Queuing chunks for compression and writing

Peter_Majer · March 16, 2015, 4:53pm

Dear All
We have been experiencing and suffering from the fact that writing compressed files with hdf is significantly slower than writing uncompressed. I have been asking myself for a while whether there is a simple remedy. Would it be possible to have two queues of chunks when writing a file, one for compression and one for actual writing to achieve the following:

1) I enqueue N chunks for CompressionAndWriting.

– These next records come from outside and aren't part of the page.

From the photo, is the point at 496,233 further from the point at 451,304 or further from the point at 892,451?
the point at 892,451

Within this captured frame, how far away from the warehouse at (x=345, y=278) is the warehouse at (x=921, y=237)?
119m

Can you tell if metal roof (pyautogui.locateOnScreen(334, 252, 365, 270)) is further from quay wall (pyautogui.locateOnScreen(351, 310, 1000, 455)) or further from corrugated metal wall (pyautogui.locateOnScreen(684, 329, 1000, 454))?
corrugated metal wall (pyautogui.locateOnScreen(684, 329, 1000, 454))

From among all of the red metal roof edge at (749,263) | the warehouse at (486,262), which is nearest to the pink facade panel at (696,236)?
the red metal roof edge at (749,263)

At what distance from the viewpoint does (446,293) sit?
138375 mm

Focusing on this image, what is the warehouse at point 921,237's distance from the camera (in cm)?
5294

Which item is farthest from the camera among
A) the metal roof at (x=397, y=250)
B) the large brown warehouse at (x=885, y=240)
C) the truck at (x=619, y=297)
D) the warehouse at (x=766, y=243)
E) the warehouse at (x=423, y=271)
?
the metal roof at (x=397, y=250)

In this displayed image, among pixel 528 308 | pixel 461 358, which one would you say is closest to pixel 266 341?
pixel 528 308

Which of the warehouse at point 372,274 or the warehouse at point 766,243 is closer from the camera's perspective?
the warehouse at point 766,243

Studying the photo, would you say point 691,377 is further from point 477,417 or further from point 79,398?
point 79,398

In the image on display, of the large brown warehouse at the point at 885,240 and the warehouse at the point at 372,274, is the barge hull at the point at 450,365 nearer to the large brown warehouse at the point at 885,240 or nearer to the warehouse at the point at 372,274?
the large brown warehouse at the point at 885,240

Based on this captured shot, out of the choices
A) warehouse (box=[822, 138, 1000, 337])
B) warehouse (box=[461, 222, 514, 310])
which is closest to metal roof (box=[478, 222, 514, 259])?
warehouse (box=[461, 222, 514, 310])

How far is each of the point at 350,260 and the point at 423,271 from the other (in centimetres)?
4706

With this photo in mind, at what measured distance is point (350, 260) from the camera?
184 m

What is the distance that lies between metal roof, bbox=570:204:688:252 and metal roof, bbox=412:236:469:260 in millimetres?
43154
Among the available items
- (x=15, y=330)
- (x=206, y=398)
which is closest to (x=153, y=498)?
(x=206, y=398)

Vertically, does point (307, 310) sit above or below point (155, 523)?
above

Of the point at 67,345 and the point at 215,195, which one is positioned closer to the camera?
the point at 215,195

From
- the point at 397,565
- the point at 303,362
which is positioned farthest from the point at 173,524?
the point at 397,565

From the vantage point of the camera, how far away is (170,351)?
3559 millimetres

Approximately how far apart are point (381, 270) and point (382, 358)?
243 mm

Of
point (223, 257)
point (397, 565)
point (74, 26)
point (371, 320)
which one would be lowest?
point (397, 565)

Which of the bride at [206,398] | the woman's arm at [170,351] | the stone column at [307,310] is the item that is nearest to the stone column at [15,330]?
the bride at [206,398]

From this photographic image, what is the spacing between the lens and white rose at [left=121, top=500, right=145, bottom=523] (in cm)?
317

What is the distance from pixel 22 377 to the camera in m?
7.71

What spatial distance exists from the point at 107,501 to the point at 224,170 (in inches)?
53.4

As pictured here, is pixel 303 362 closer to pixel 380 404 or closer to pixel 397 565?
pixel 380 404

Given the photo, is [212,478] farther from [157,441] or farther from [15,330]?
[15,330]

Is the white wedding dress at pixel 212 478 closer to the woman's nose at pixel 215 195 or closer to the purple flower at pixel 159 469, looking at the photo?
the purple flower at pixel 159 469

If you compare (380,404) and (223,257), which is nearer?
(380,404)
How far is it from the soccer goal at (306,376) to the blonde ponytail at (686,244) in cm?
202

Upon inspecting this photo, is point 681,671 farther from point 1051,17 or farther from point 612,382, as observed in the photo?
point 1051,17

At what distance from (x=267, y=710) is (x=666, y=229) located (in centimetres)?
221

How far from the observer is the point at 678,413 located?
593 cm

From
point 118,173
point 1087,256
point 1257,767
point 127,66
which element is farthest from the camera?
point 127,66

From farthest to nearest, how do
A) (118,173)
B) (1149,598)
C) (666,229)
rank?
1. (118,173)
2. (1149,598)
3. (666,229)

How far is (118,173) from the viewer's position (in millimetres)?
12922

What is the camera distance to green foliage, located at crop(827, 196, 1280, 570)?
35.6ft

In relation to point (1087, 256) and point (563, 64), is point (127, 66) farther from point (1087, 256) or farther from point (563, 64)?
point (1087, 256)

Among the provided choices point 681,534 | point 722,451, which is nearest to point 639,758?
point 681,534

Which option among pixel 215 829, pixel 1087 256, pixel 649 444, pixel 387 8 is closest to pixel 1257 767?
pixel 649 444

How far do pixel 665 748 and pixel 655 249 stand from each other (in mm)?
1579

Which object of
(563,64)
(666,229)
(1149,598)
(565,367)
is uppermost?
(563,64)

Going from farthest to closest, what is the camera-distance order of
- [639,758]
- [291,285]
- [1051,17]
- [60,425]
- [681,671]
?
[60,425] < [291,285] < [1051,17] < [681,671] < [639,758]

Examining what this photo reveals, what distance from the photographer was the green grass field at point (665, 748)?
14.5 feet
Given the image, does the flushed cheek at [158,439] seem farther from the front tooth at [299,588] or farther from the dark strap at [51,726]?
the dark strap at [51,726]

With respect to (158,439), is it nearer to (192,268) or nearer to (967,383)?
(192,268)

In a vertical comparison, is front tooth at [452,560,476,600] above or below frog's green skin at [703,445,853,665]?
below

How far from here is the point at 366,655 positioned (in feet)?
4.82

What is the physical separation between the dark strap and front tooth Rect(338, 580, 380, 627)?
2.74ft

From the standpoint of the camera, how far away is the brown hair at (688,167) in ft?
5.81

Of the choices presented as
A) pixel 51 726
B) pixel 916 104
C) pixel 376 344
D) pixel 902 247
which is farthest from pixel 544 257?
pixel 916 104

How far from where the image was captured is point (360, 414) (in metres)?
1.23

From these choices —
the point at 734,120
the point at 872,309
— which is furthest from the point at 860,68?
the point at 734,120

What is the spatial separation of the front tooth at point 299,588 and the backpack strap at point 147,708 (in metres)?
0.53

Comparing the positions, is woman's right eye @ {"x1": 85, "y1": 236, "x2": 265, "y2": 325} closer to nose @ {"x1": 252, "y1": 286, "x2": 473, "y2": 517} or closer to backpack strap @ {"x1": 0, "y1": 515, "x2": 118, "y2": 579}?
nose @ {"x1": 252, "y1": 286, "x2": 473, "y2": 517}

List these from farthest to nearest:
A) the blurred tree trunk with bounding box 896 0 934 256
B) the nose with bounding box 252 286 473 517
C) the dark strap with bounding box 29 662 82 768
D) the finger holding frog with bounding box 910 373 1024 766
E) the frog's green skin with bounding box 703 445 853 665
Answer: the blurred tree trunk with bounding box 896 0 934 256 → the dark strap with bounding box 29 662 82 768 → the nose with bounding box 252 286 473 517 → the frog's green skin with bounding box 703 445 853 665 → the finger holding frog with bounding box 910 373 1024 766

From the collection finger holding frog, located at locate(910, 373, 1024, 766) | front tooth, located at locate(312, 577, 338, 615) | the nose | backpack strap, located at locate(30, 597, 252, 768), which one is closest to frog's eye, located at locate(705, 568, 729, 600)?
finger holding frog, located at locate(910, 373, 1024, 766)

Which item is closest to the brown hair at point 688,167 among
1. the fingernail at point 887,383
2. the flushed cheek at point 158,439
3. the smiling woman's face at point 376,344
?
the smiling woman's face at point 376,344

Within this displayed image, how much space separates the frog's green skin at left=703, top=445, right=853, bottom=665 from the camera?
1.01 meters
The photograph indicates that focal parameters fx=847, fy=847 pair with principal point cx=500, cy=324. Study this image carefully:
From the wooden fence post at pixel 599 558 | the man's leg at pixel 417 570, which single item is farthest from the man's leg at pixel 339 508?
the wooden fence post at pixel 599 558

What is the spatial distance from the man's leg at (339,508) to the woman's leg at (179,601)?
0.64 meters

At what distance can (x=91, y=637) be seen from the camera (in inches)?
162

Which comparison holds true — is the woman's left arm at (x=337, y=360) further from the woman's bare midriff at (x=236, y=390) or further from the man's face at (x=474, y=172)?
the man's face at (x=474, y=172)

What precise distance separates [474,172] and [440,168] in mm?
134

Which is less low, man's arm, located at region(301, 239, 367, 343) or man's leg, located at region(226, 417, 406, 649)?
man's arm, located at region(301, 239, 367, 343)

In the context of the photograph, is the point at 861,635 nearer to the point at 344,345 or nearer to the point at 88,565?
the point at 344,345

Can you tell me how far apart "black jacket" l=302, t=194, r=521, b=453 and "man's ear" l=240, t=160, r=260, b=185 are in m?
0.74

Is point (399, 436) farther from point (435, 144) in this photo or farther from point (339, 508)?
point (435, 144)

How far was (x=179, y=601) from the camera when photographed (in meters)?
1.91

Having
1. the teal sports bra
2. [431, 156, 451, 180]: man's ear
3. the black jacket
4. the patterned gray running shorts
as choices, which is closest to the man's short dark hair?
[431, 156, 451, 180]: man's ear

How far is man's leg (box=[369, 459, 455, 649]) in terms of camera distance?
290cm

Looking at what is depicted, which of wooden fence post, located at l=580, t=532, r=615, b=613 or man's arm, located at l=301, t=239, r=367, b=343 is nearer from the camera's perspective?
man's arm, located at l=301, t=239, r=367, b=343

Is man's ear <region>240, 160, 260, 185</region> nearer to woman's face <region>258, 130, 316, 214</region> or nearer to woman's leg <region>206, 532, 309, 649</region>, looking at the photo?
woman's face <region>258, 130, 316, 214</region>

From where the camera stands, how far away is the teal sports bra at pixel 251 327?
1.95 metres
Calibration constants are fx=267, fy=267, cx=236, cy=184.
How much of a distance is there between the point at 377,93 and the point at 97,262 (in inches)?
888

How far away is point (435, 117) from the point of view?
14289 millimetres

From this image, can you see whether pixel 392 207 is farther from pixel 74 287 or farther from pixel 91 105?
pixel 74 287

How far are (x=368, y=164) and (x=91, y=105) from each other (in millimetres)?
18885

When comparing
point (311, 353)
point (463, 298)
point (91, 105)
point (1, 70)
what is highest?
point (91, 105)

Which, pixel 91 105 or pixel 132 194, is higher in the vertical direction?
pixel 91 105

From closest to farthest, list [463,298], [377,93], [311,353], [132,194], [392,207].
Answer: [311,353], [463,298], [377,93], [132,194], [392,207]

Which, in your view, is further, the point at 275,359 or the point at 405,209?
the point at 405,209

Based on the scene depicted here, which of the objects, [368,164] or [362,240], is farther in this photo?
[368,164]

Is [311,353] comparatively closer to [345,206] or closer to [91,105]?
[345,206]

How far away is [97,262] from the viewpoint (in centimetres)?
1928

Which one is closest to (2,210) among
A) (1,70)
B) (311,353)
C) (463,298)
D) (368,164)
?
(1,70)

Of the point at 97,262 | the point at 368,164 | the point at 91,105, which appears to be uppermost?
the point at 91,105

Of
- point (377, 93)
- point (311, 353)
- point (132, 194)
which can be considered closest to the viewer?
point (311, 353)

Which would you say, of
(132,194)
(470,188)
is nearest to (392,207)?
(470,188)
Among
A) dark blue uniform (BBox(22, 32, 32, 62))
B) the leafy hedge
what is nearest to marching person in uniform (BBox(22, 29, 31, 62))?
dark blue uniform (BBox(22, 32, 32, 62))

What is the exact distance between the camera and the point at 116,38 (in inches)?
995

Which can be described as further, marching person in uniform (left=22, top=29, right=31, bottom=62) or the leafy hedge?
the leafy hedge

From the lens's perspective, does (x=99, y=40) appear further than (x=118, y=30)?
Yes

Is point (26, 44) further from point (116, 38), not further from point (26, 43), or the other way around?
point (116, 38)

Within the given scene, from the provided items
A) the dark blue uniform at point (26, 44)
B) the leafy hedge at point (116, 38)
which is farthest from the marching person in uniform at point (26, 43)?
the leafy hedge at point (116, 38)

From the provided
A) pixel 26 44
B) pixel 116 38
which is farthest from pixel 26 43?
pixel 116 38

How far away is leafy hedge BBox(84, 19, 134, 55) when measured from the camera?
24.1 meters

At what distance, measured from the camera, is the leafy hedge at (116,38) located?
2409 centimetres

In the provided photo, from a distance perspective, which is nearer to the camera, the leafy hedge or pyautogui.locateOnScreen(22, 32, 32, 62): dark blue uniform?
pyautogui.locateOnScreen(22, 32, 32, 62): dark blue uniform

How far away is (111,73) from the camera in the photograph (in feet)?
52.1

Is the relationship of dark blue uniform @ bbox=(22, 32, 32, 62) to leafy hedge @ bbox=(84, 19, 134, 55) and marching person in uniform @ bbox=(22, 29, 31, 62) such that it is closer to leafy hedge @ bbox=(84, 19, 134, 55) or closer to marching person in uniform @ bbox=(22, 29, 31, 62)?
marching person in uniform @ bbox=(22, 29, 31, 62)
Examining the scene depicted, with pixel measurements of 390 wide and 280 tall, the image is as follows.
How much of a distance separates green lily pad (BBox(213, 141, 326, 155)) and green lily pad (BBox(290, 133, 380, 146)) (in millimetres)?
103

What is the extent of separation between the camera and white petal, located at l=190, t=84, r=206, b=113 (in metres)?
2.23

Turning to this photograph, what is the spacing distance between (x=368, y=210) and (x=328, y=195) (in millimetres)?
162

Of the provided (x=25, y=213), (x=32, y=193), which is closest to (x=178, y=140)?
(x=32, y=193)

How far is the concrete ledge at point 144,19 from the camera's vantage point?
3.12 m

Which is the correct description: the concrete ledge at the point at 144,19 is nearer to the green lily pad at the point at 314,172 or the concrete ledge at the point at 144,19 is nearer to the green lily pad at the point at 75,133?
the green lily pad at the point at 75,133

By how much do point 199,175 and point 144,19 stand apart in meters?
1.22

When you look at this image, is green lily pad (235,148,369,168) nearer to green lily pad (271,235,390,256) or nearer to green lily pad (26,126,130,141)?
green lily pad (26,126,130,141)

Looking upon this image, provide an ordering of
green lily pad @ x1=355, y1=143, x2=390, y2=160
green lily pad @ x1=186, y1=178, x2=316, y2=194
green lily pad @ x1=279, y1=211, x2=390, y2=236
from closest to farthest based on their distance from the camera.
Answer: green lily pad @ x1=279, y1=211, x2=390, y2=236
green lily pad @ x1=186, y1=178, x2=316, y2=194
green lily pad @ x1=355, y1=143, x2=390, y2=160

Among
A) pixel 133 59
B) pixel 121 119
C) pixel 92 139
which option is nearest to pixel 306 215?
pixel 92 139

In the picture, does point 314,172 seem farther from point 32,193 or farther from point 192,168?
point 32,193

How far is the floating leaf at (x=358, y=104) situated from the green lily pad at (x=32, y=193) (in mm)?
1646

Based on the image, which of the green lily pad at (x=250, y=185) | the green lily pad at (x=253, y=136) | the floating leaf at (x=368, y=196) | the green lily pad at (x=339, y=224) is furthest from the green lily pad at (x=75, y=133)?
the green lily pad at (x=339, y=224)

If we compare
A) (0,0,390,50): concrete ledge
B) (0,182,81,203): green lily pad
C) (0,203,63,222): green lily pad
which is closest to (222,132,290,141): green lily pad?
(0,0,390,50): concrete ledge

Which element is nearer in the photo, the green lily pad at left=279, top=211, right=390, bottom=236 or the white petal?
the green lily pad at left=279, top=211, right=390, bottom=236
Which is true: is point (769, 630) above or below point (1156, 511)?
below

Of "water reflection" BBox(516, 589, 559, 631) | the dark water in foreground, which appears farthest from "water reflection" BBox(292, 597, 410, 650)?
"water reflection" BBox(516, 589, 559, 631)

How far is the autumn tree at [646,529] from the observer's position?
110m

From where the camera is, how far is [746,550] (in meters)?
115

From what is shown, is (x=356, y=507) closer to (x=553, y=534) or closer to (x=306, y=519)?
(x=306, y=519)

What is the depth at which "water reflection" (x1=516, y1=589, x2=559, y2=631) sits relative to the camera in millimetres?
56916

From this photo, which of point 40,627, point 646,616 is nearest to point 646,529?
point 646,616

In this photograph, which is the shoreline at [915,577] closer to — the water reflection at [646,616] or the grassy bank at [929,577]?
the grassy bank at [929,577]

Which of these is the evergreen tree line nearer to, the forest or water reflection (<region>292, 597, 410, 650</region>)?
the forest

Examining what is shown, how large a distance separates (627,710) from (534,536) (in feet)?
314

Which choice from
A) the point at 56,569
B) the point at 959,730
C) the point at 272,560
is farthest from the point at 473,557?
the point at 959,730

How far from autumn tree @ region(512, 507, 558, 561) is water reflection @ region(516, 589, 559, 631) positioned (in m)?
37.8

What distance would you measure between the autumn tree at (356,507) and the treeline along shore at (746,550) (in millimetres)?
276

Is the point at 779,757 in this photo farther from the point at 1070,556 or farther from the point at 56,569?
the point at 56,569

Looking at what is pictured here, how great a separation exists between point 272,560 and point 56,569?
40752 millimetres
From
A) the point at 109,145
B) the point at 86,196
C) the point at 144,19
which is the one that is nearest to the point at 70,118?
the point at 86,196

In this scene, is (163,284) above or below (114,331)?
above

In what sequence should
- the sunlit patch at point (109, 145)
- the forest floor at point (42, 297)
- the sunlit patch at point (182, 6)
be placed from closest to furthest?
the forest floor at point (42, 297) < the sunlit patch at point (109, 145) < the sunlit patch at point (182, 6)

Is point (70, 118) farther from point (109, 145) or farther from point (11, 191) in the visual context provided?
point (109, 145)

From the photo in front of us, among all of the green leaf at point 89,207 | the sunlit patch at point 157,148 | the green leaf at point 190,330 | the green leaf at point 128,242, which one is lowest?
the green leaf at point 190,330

They initially enter CompressQueue.

2) The chunks from CompressQueue are concurrently compressed by multiple compression threads and subsequently enqueued in a WriteQueue.

3) A WriteThread sequentially writes all compressed chunks from WriteQueue to the file system.

This should allow to keep the WriteThread constantly busy and it should allow compressed writing to be faster than uncompressed writing by a factor that is more or less identical to the compression rate.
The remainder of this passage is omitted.